Whistler's Re-Use-It Centre was buried alive in donations in April with a record-breaking 4,071 bags of stuff.
That's a staggering 135 bags every day of used clothing, toys, outdoor gear, books, pots and pans, you name it.
This is the tarnished gold in Whistler's unassuming little goldmine. Last fiscal year the Re-Use-It Centre (RUI) transformed donated stuff into $804,000.
"We make that money one dollar at a time," said Cheryl Skribe, executibe director of the Whistler community Service Society, the registered charity that oversees operations and diverts the money, after expenses, into social programming.
"Can you imagine the amount of items that we price, that we go through? It's mind boggling how many items we sell."
Augmenting the Re-Use Centre's success is the newer Re-Build-It Centre, which brought in $239,000 last fiscal year, and combined with recycling donations of $75,000, the stores are bringing in more than $1.117 million.
They are undoubtedly the lifeblood of the WCSS organization with its $1.4 million in revenues last year.
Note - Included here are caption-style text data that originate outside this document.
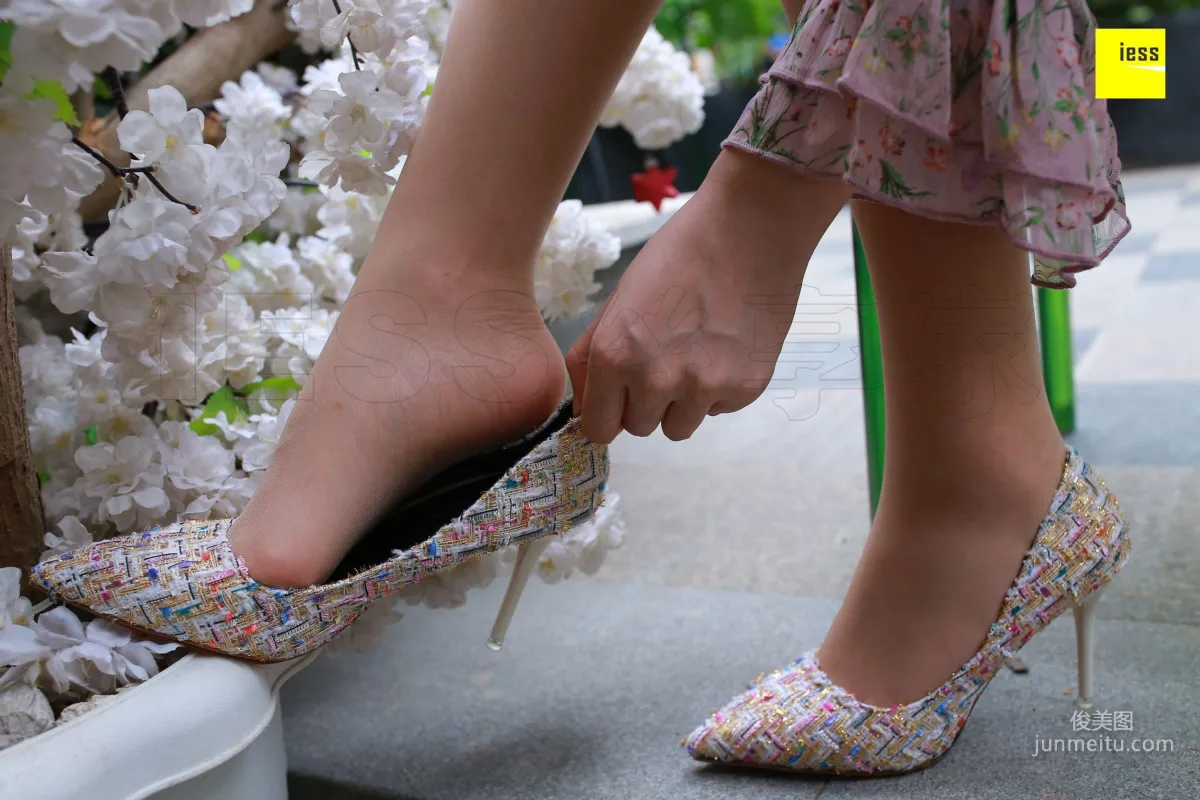 Zi Zi, Fair Skin and Beautiful Face with Tender Toes [IESS] Silk Enjoyer 235 Photo Set photo 85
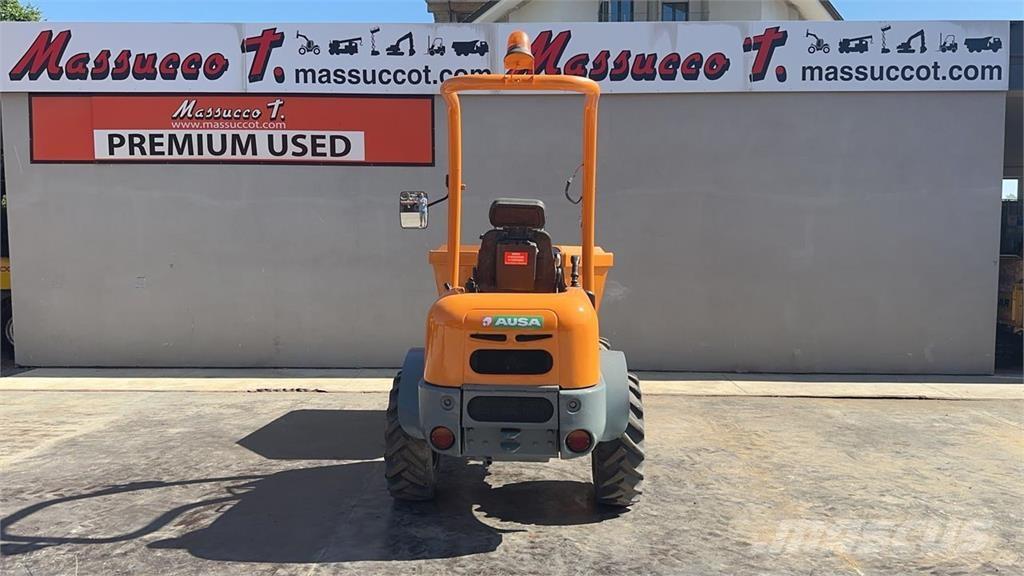 Ausa D150AHG 4x4 Minitractor de teren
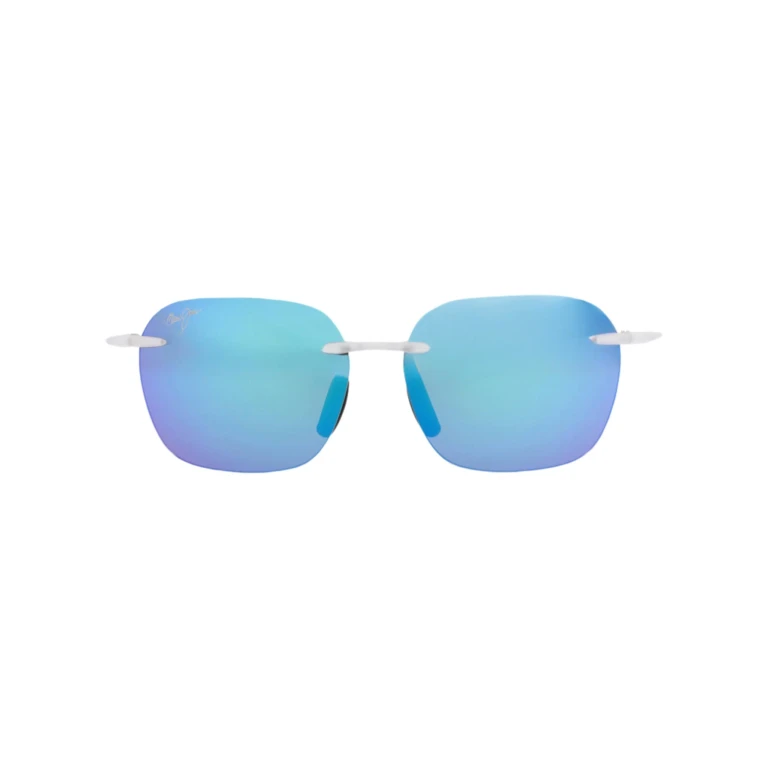 Square-Frame Nylon Sunglasses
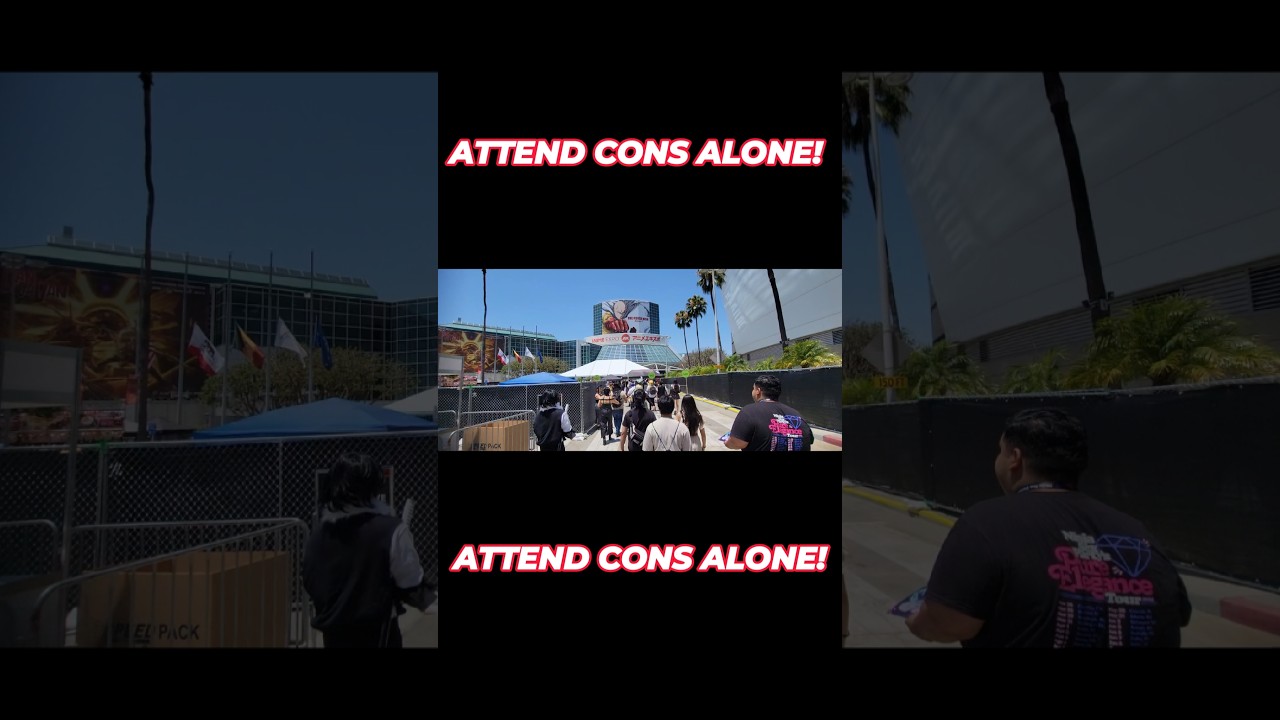 Anime Cons Are Better Alone! 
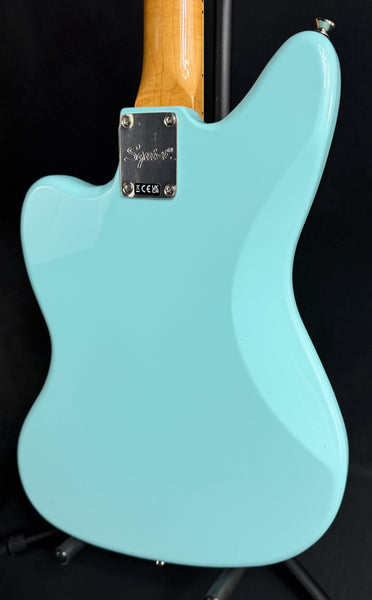Squier FSR Classic Vibe 70's Jaguar Electric Guitar Daphne Blue Finish (654)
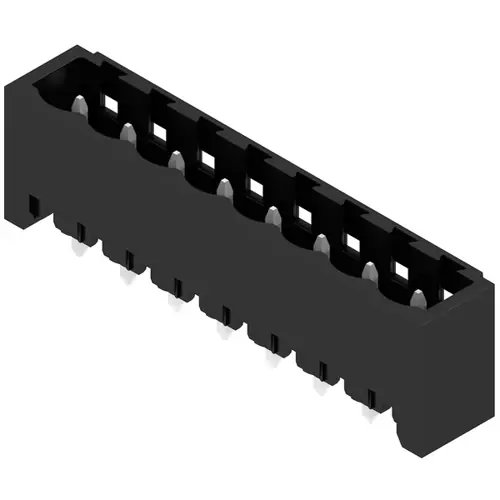 Begrenztes Angebot Stiftleiste, 8-polig, RM 5.08 mm, gerade, schwarz, 1148830000
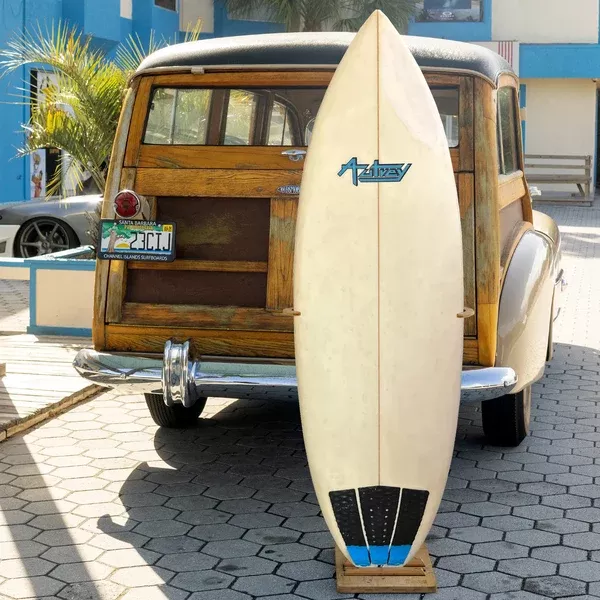 Autrey PU/Poly 5'7 Consignment Surfboard - Futures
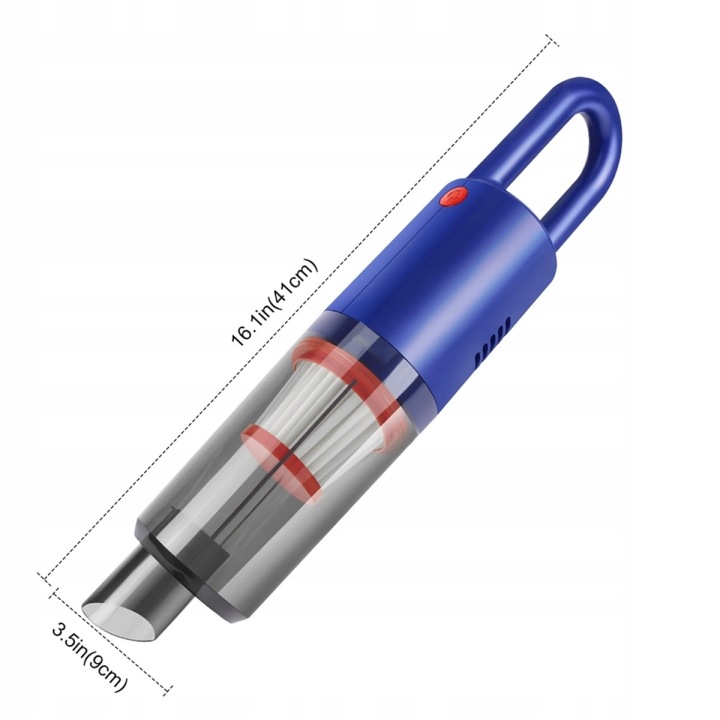 35000 PA ASPIRATEUR SANS FIL AVEC FILTRE ZMYWALNYM 30-50MIN TRAVAIL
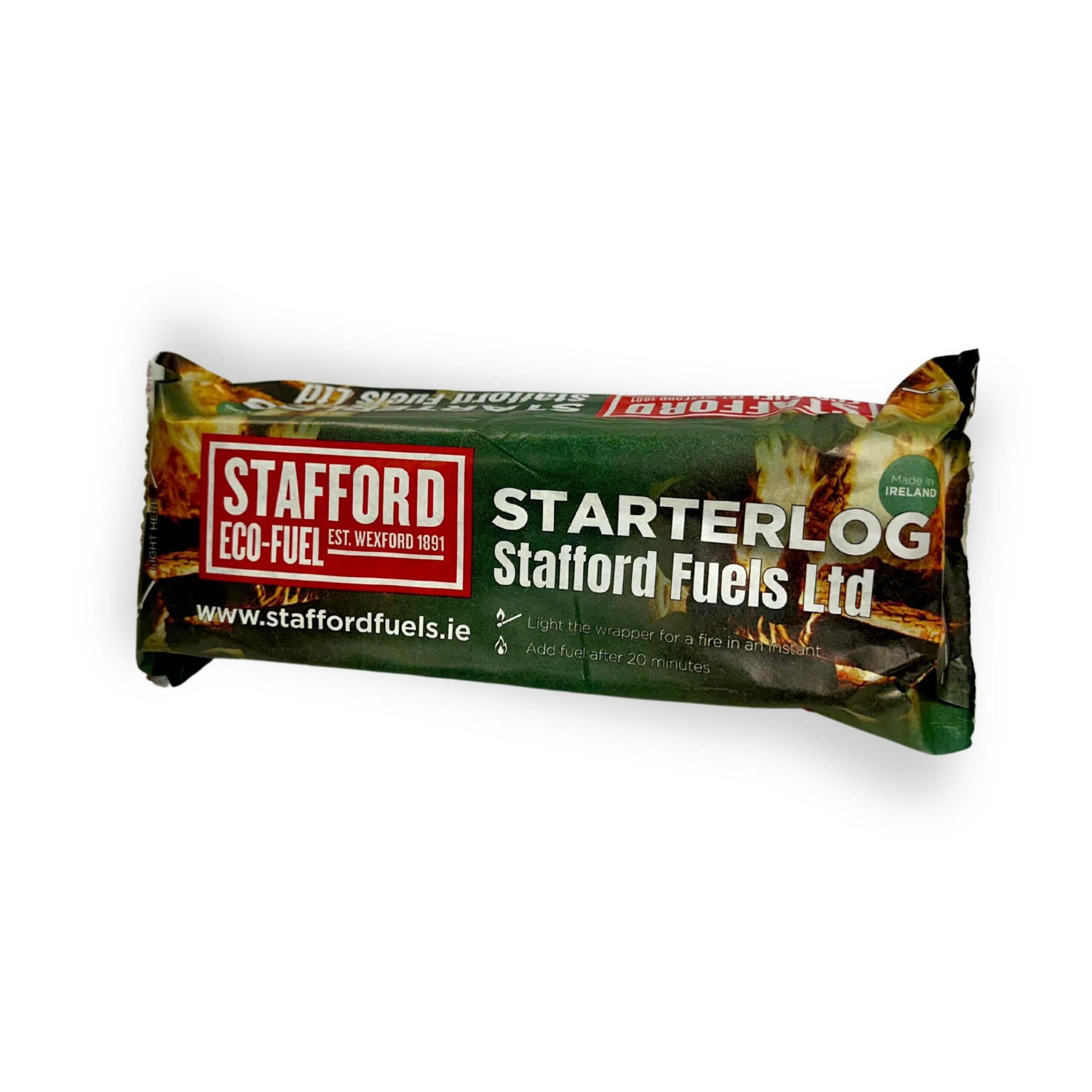 Stafford Starter log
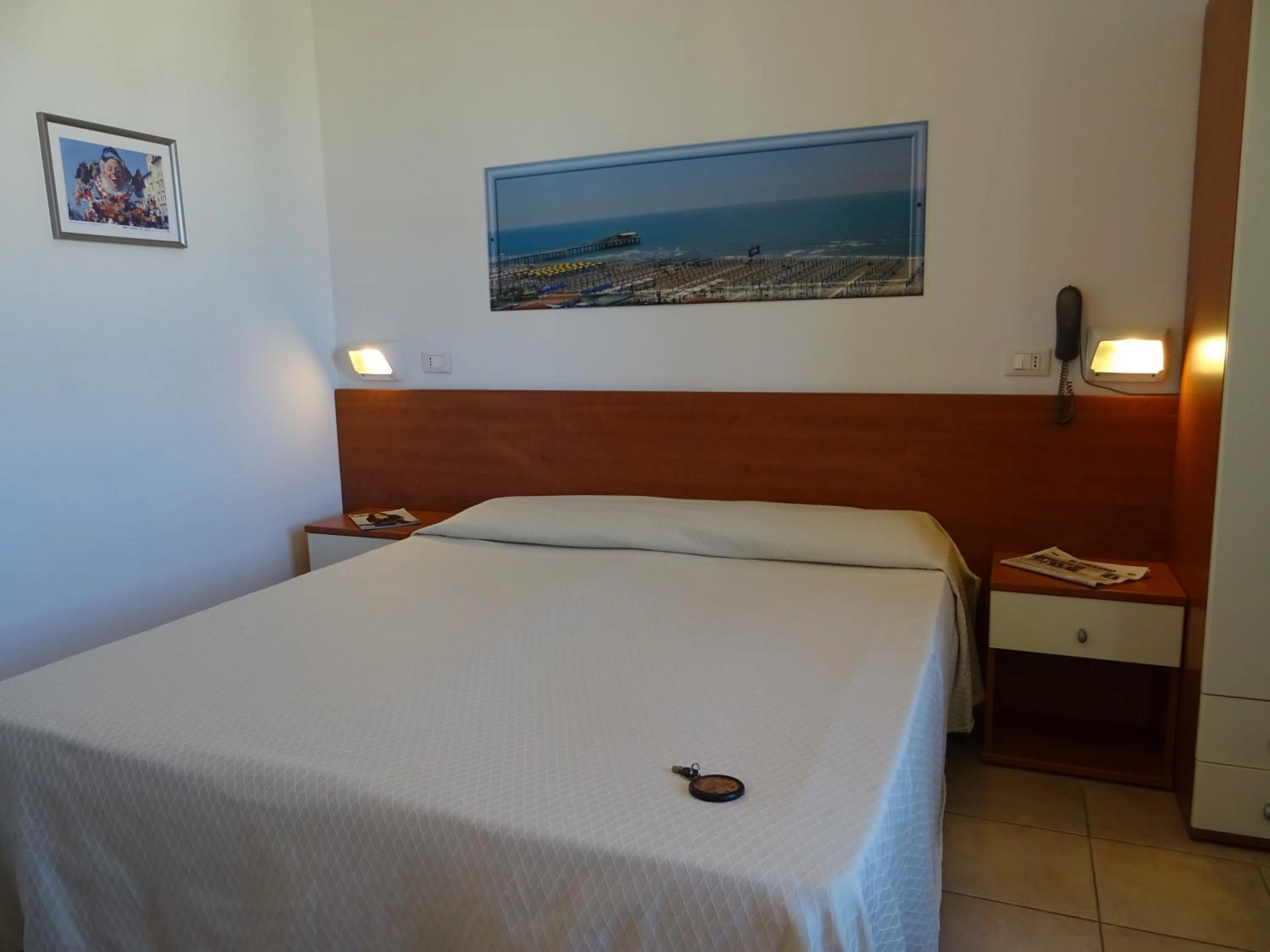 Bed in Hotel Sole E Mare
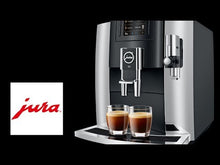 Load and play video in Gallery viewer, Jura E8 Espresso Machine (Black)
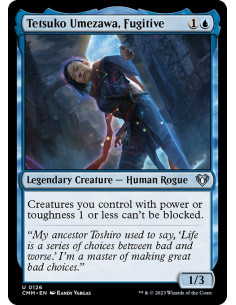 Tetsuko Umezawa, Fugitive - Foil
Overall revenues from the two centres are topped up with donations and government grants, as well as programs and membership fees.
"The Re-Use-It and the Re-Build-It Centres are going concerns," said Skribe. "They're businesses and they're legit businesses, as far as the demands that any business has on the people that run it."
There are seven full-time staff at RUI and three part-time. At the RBI centre there are three full-time staff and three part-time.
Staffing costs for the operations came in at $453,000 last year — 40 per cent of the money made by the RBI and RUI.
"For us to be able to stay transparent, for us to maintain control, for us to be able to have structure and a standard that is really worthy of the community investment in this, as far as the amount of stuff we get in there, we really do have to have a dedicated staff," said Skribe.
Wages, by far, are the biggest expense at the centres. But add in rent, office and general, bank charges and insurances, to name a few costs, and the total costs to run the two places rose to $618,000.
On top of that there are the expenses of running the WCSS itself and again wages top the list.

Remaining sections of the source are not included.